● **Work order**
Return the listing verbatim, images left out.

● **Recorded information**

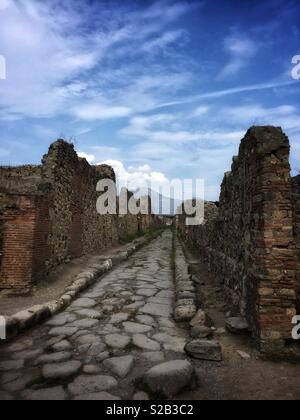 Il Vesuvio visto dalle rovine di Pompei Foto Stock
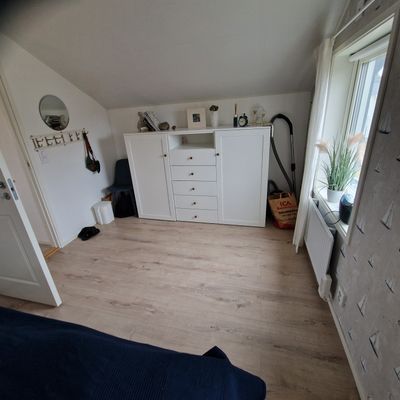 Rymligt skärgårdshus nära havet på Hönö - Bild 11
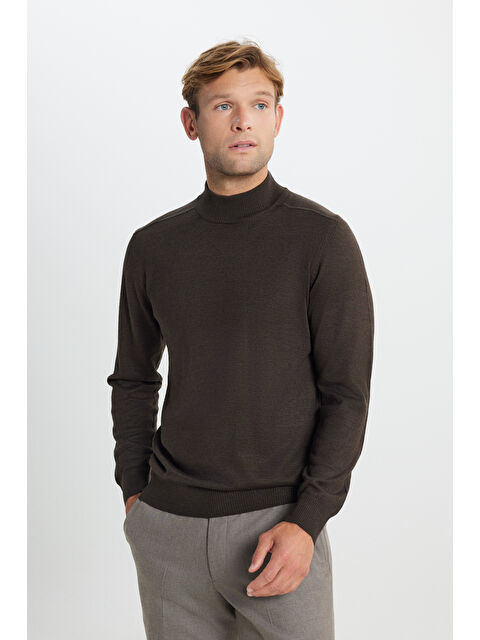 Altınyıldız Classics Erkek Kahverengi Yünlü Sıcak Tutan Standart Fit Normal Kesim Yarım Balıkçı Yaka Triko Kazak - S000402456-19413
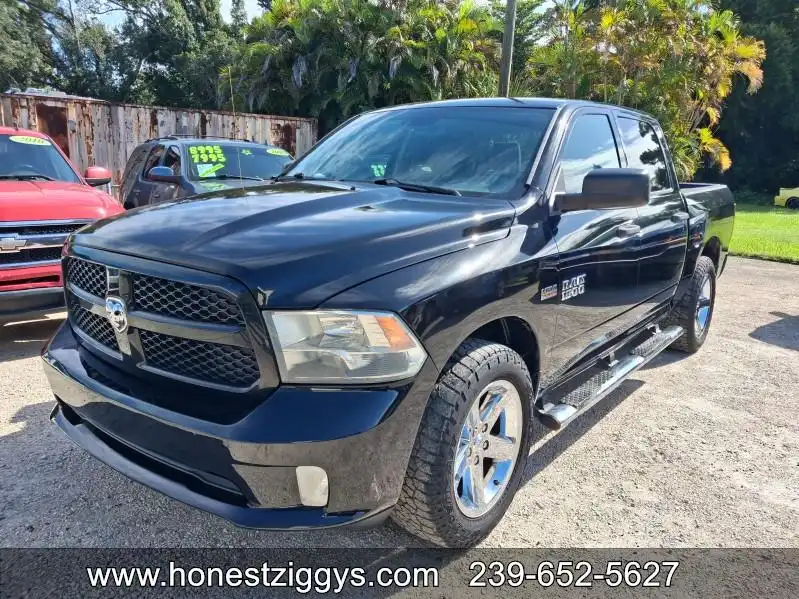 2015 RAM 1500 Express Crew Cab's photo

● **Solution**
 Il Vesuvio visto dalle rovine di Pompei Foto Stock
 Rymligt skärgårdshus nära havet på Hönö - Bild 11
 Altınyıldız Classics Erkek Kahverengi Yünlü Sıcak Tutan Standart Fit Normal Kesim Yarım Balıkçı Yaka Triko Kazak - S000402456-19413
 2015 RAM 1500 Express Crew Cab's photo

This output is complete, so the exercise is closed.